That's CEO with his older sister, in 1948 on my grandfather's first tractor.
As for how much he gets paid,,, not nearly enough!!!


----------



## jodyand (Sep 16, 2003)

Looks like they both are haveing fun on it.:driving: 
Jody


----------



## Argee (Sep 17, 2003)

parts man - What's the HP of that MF your pappy is operating?


----------



## parts man (Sep 24, 2003)

> _Originally posted by Argee _
> *parts man - What's the HP of that MF your pappy is operating? *



Argee, SHAME, SHAME!!!:hand: No MFs on this farm!! (well a few for parts), We're all IH, the loader tractor that CEO is unloading hay with is a Case-IH 495, 43 PTO HP, 8 sp forward, 4sp Rev.
This is accomplished with a Hi-Lo-Rev range divider, and a simple H pattern 4 sp.
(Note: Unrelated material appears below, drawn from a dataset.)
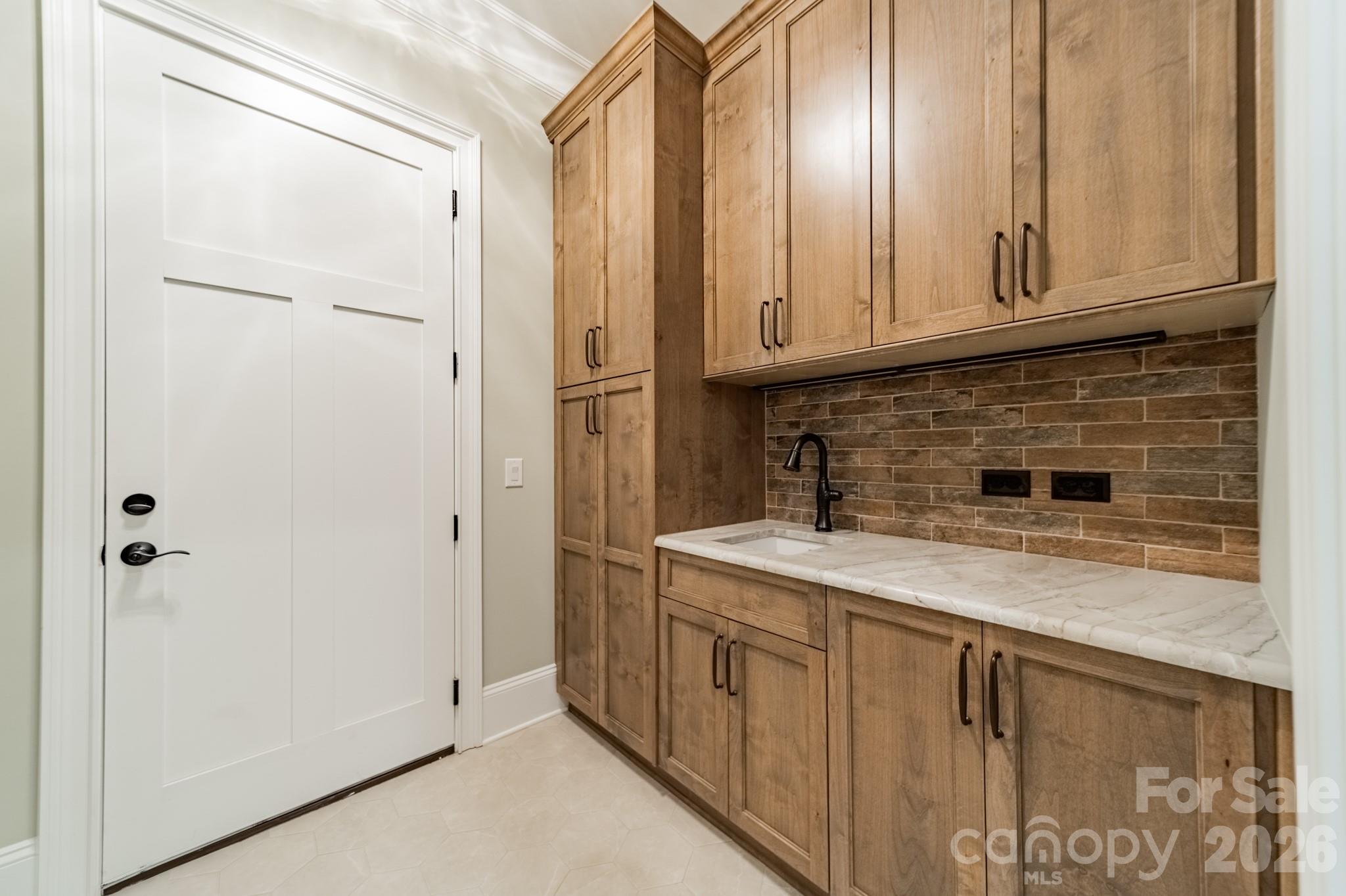 525 Winding Way #7 — Belmont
The 4 sp is syncronized, but on this one the range divider is not. It makes a real nice loader tractor.


----------



## Argee (Sep 17, 2003)

Well, MF or IH or Ford or Case, it's still a fine looking tractor. I just know that I like the looks of it. I guess I don't qualify as a connoisseur of fine old tractors.:smiles:


----------



## parts man (Sep 24, 2003)

> _Originally posted by Argee _
> *Well, MF or IH or Ford or Case, it's still a fine looking tractor. I just know that I like the looks of it. I guess I don't qualify as a connoisseur of fine old tractors.:smiles: *



Did you mean the tractor in the B&W pic?? It's a 1947 W4 IH. I think they were about 25-30 HP. It's got a 5 sp with 1 rev gear.


----------



## Argee (Sep 17, 2003)

No, I meant the one with the loader arms. After further review, I see it's an IH.:hide:


----------